How do I troubleshoot issues when connecting to my Amazon MSK cluster?

Last updated: 2022-03-01

I'm experiencing issues when I try to connect to my Amazon Managed Streaming for Apache Kafka (Amazon MSK) cluster.

Resolution

When you try to connect to an Amazon MSK cluster, you might get the following types of errors:

  • Errors that are not specific to the authentication type of the cluster
  • Errors that are specific to TLS client authentication

When you try to connect to your Amazon MSK cluster, you might get one of the following errors irrespective of the authentication type enabled for your cluster:

Timed out waiting for connection while in state: CONNECTING

You might get this error when the client is trying to connect to the Amazon MSK cluster through the Apache ZooKeeper string, and the connection can't be established. This error might also result when the Apache ZooKeeper string is wrong.

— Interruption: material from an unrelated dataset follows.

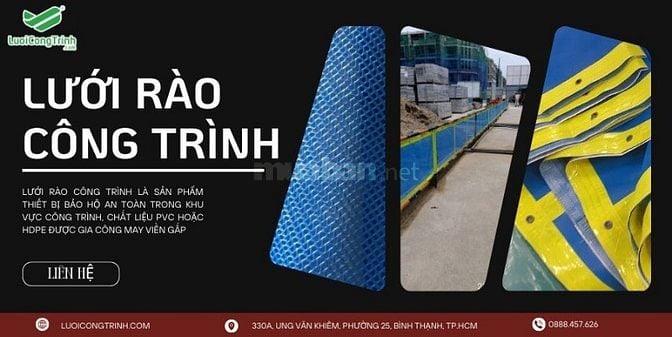 LƯỚI RÀO CÔNG TRÌNH – AN TOÀN & BỀN BỈ CHO MỌI DỰ ÁN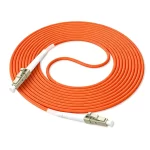 Fiber Patch Cables Multimode, LC UPC MMF Simplex to LC UPC MMF Simplex, Multimode Fiber (OM1), 2.0mm, Tight-Buffered, Orange, Riser (OFNR), 0.2m (0.65ft)-30m (98.43ft)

You get the following error when you use the incorrect Apache ZooKeeper string to connect to the cluster:

./kafka-topics.sh --zookeeper z-1.encryption.3a3zuy.c7.kafka.us-east-1.amazonaws.com:2181,z-2.encryption.3a3zuy.c7.kafka.us-east-1.amazonaws.com:2181,z-3.encryption.3a3zuy.c7.kafka.us-east-1.amazonaws.com:2181 --list
[2020-04-10 23:58:47,963] WARN Client session timed out, have not heard from server in 10756ms for sessionid 0x0 (org.apache.zookeeper.ClientCnxn)
[2020-04-10 23:58:58,581] WARN Client session timed out, have not heard from server in 10508ms for sessionid 0x0 (org.apache.zookeeper.ClientCnxn)
[2020-04-10 23:59:08,689] WARN Client session timed out, have not heard from server in 10004ms for sessionid 0x0 (org.apache.zookeeper.ClientCnxn)
Exception in thread "main" kafka.zookeeper.ZooKeeperClientTimeoutException: Timed out waiting for connection while in state: CONNECTING
at kafka.zookeeper.ZooKeeperClient.$anonfun$waitUntilConnected$3(ZooKeeperClient.scala:259)
at scala.runtime.java8.JFunction0$mcV$sp.apply(JFunction0$mcV$sp.java:23)
at kafka.utils.CoreUtils$.inLock(CoreUtils.scala:253)
at kafka.zookeeper.ZooKeeperClient.waitUntilConnected(ZooKeeperClient.scala:255)
at kafka.zookeeper.ZooKeeperClient.<init>(ZooKeeperClient.scala:113)
at kafka.zk.KafkaZkClient$.apply(KafkaZkClient.scala:1858)
at kafka.admin.TopicCommand$ZookeeperTopicService$.apply(TopicCommand.scala:321)
at kafka.admin.TopicCommand$.main(TopicCommand.scala:54)
at kafka.admin.TopicCommand.main(TopicCommand.scala)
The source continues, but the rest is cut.